- [REQUIREMENT] Exactly as they appear, retype the lines from the one containing "Joanna Ultra Color Pigment 1/1" through the final line of the data below. Leave pictures out.

- [RECORDED INFORMATION]
%%

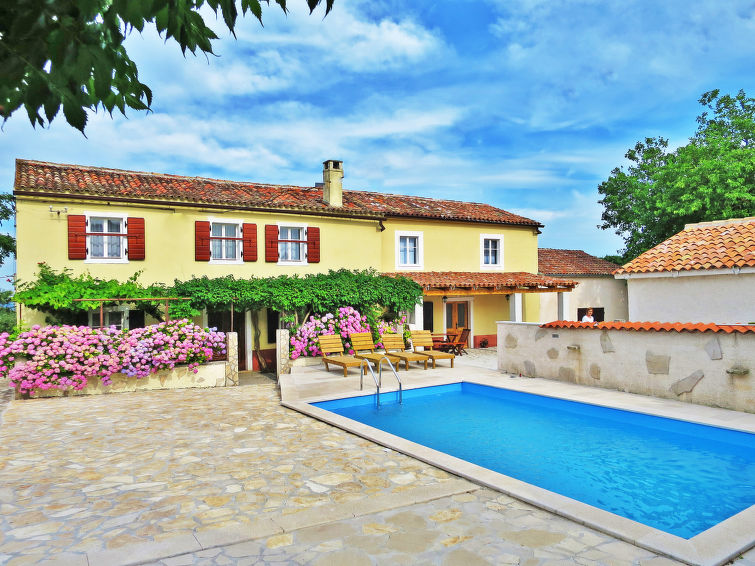 Chorwacja - 5 miejsc na wakacje z dziećmi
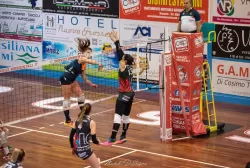 dsc_8577.webp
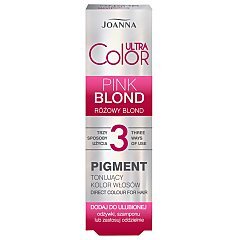 Joanna Ultra Color Pigment 1/1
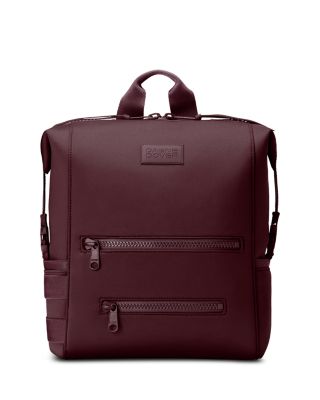 Dagne Dover Indi Large Neoprene Backpack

%%

- [TASK RESULT]
 Joanna Ultra Color Pigment 1/1
 Dagne Dover Indi Large Neoprene Backpack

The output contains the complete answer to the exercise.